If you make the argument that the bankers are helping to convince the regulators that the shareholders of a bank need to put in very little equity, and therefore the shareholders are made more irrelevant, then it is much easier to understand why bankers have been able to get away with what they are doing.

Bank equity, allowed to be highly leveraged, especially on what is perceived as safe, has produced great returns, which have kept bank shareholders happy and in a complacent mood.

Ask the banks to triple their capital, or at least put up 10 percent of equity against absolutely all assets, and then you might begin see some bonus restricting relations developing between bank managers and the shareholders of banks.

@PerKurowski ©

February 17, 2016

Does BoE’s core mission not include assuring bank credit is allocated as efficiently as possible to the real economy?

Sir, I refer to the letter written by Andrew Bailey and Sir Jon Cunliffe of the Bank of England titled “Proposals designed to fulfill BoE’s core mission”.

“They write “BoE’s proposals about the appropriate capital requirements for the UK’s banks are the product of two years of careful reflection and stress-testing, and are designed to fulfil our core mission of making the banking system safe and sound.”

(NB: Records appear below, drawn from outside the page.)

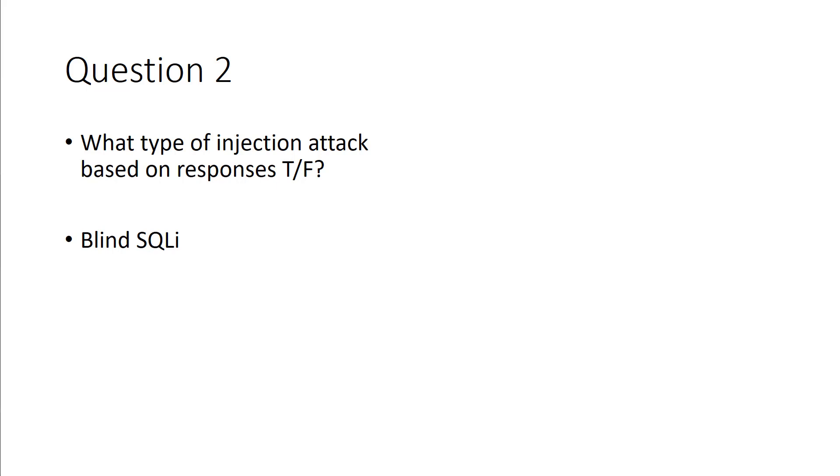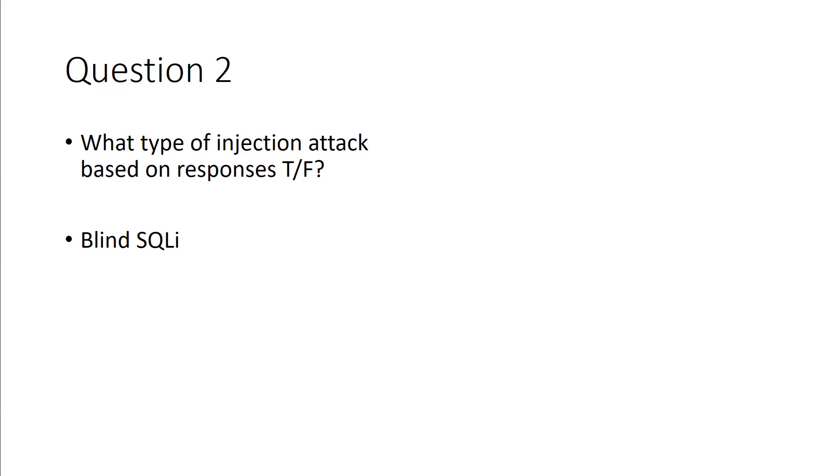That was one that I wanted to make sure that we talked about, because a lot of people don't have a database background, so looking at the SQL structure and SQL injections, we kind of just skim over. But you need to make sure that you understand injection attacks based off of true and false, blind SQLI. That was one that kept popping up in our exam questions that people kept missing, so I made sure that we talked about it.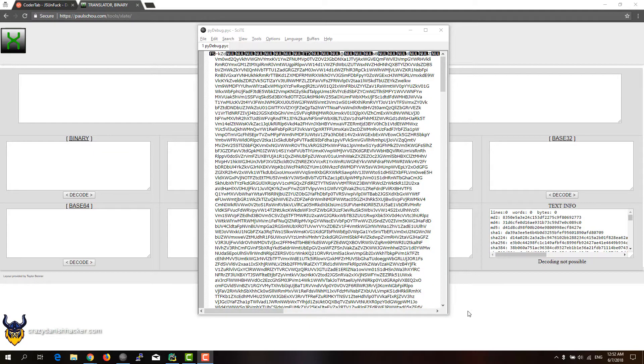Hello and welcome to Prezi Daily Checker. Today we're going to look at the PyDebug Challenge from the CTF.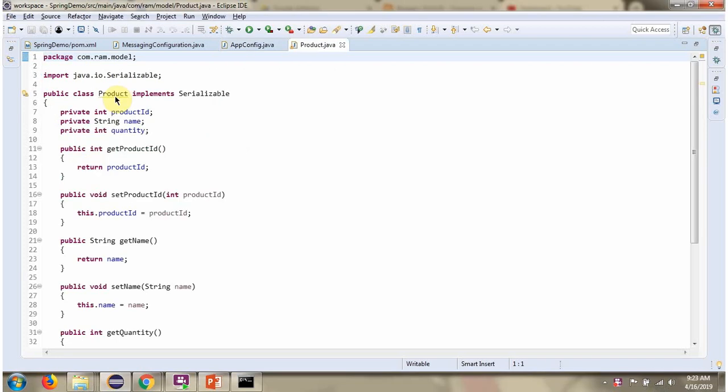Here I have defined the class Product, which implements the Serializable interface and it has three properties: ProductId, Name, and Quantity.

But then we read about equity requirements expressed as percentages of “risk-weighted assets” and I must again ask the following:

Is not also part of the core mission of BoE assuring that bank credit is allocated as efficiently as possible to the real economy? I ask this because risk weighted capital requirements, by allowing banks to earn higher risk adjusted returns on equity on assets ex ante perceived as safe than on risky assets, distorts horrendously the allocation of bank credit to the real economy.

And by the way, by distorting that credit allocation they will make the real economy unsound and thereby, sooner or later, also threaten the safety of the banking system.

And by the way, just as an aide memoire, I remind them of that no major bank crisis ever result from what is ex ante perceived as risky, these are always the consequences of excessive exposure to something that ex ante was perceived as safe but that ex post turned out to be risky.

@PerKurowski ©

January 23, 2016

Too much fighting for a safe haven dissipates its safety and turns in into a dangerously overpopulated haven.

Sir, Tim Harford writing on the “dissipation of economic rents” holds that “They’re frustrating, because value is being frittered away in the competition to secure them… the entire value on offer will be consumed by the race to grab it.” “How fighting for aprize knocks down its value”

How come it is seemingly so hard for Harford and other economists to apply the same concept to the “dissipation of credit safety”?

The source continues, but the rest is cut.